In sintesi si legge che “dalla analisi della fase di costruzione del BBT e dei lotti 1 e 2 dell’accesso a sud (senza considerare quindi la circonvallazione di Trento che costituisce il lotto 3) risulta che la quantità di CO2 emessa ammonta a 3.167 migliaia di tonnellate”. “La CO2 emessa per la realizzazione del tunnel di base e dei lotti 1 e 2 è compensabile in 19-20 anni di esercizio della nuova linea” (!). Ed ancora, “i risultati ottenuti per mezzo di simulazioni di esercizio stimano un risparmio annuale compreso fra 207 – 223 migliaia di tonnellate di CO2 grazie all’ utilizzo della nuova linea ferroviaria per il trasporto merci”. “Il valore di merci che è necessario trasferire dalla strada alla rotaia per compensare le emissioni dalla fase di costruzione dell’ infrastruttura è pari a 277 milioni di tonnellate”.

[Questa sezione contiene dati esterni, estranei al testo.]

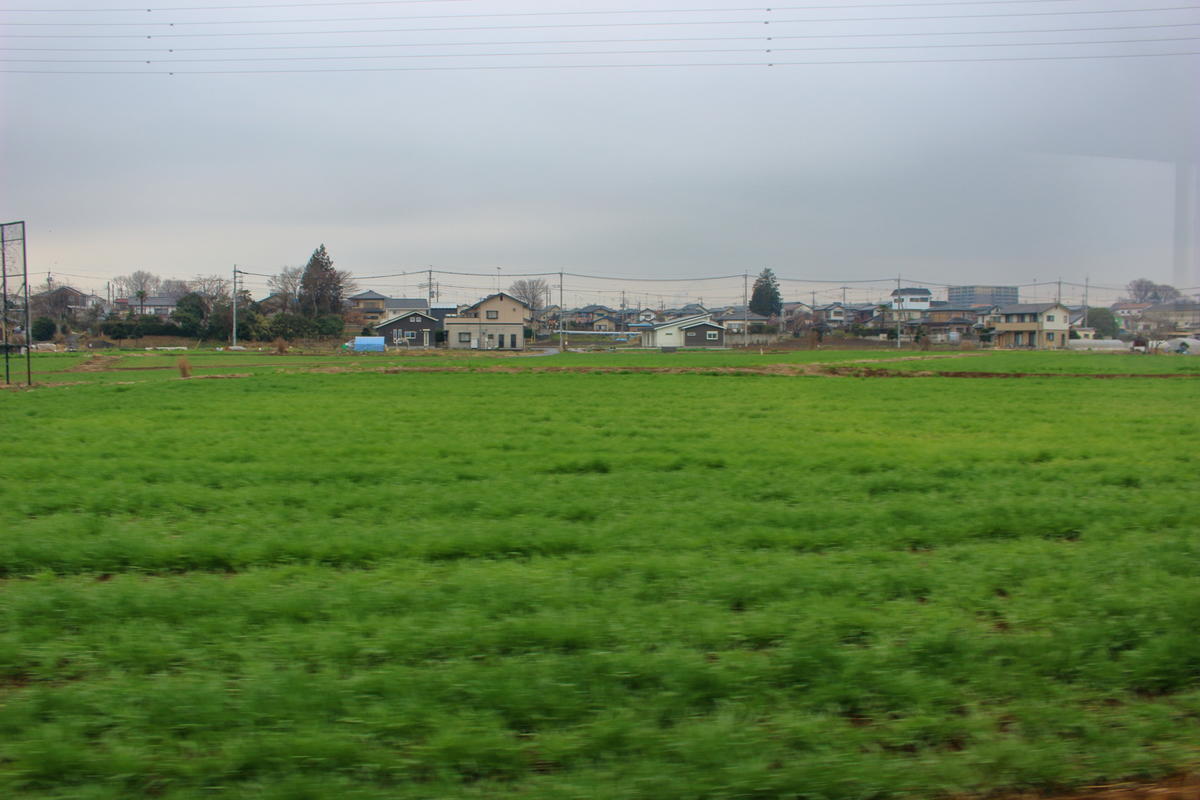 市街地を抜けると車窓には次第に田畑が目立ってきます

Non sono solo i tempi a confliggere con gli impegni europei sulla emissione di CO2: se il tunnel venisse aperto nei tempi previsti, 2028, dovremmo attendere fino al 2050 solo per azzerare gli effetti della sua realizzazione. Mentre, sempre stando agli impegni sul clima nel 2050 dovremmo aver azzerato le emissioni di CO2 in tutti i paesi industrializzati!

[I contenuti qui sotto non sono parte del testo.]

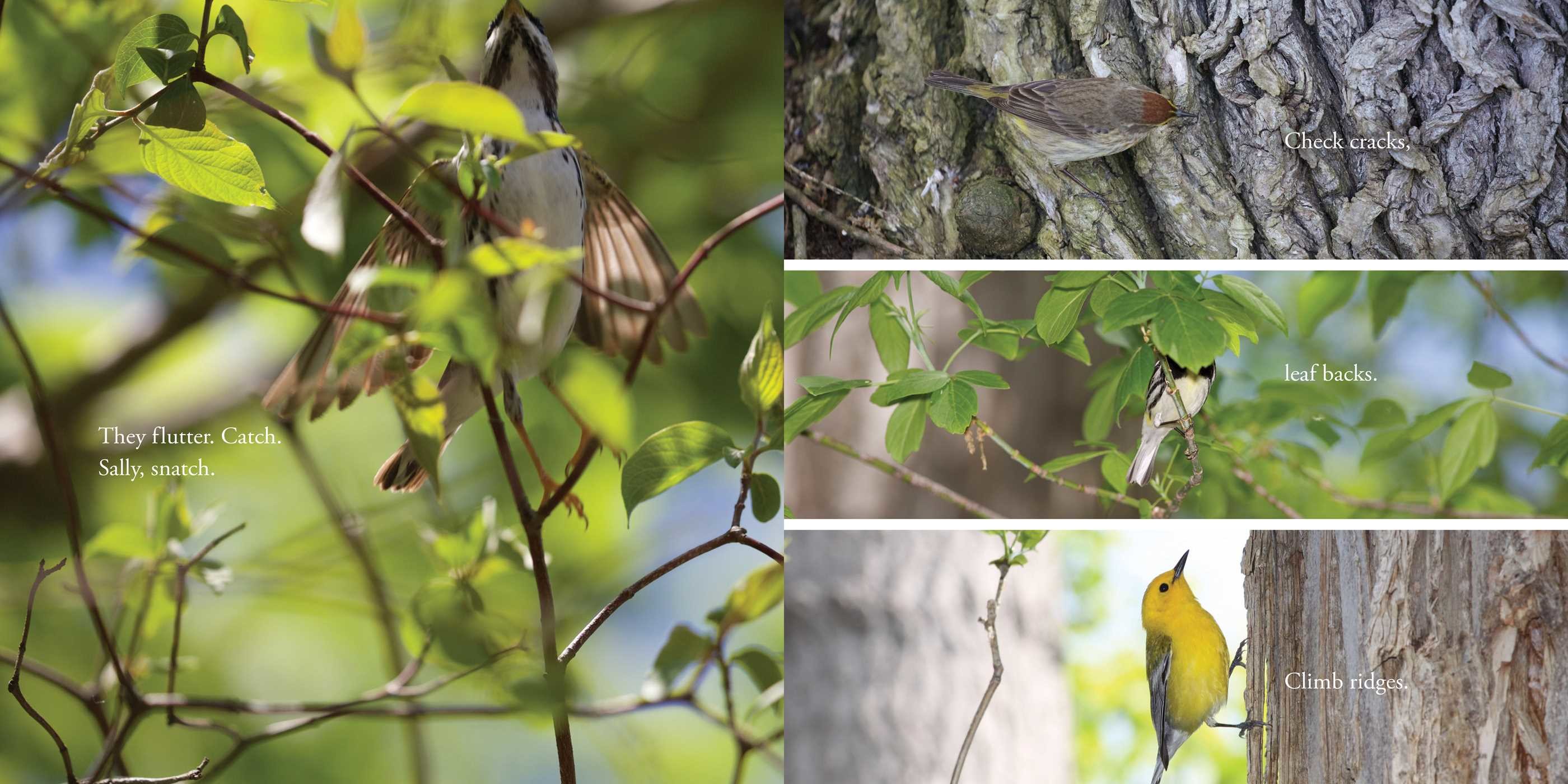 celebrate-picture-books-picture-book-review-warbler-wave-searching-trees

Il traffico merci su rotaia attraverso il Brennero (import-export) nel 2017 (il dato è delle camere di commercio) è stato di 13,8 milioni di tonnellate di merci (35,6 milioni di tonnellate quello su gomma), un dato che conferma i tempi previsti dallo studio e che evidenzia come solo per annullare gli effetti delle emissioni di CO2 dovute alla realizzazione dell’ opera sarebbe necessario raddoppiare nei prossimi 20 anni il traffico merci su rotaia, obbiettivo che non si sono mai posti neppure i più entusiasti sostenitori del TAC/TAV.

All’ opposto di quanto dichiara il neo Sindaco, che nella intervista su “l’ Adige” illustra “le magnifiche sorti progressive della scelta del TAV”, i soldi del recovery found rischiano di impedire ad una generazione di vivere nella propria città, né tanto meno dovrebbero servire per stravolgerne la fisionomia, attraverso l’ artificiale duplicazione del suo centro storico ed un inutile e ambientalmente dannoso inurbamento ulteriore. Lo spostamento dell’Adige avvenuto negli anni 70 del 1800 non è stato, come i novelli edificatori vogliono farci credere, una opportunità per Trento. La fisionomia della città è urbanisticamente mutata in peggio. Trento con al centro il fiume sarebbe oggi più bella di quella che è. Quello spostamento aveva nelle esigenze militari il suo elemento fondamentale ed è stato fatto ingoiare dalla popolazione dalla occupazione austriaca. La situazione attuale è certo diversa ma l’impianto speculativo è purtroppo identico.